*** Opening Source data ***

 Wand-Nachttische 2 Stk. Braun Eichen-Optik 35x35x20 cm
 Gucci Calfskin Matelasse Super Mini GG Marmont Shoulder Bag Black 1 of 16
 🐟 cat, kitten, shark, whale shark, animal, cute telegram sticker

*** Closing Source data ***

### Task description
All of the material is to be written out exactly.

### Answer to this task
 Wand-Nachttische 2 Stk. Braun Eichen-Optik 35x35x20 cm
 Gucci Calfskin Matelasse Super Mini GG Marmont Shoulder Bag Black 1 of 16
 🐟 cat, kitten, shark, whale shark, animal, cute telegram sticker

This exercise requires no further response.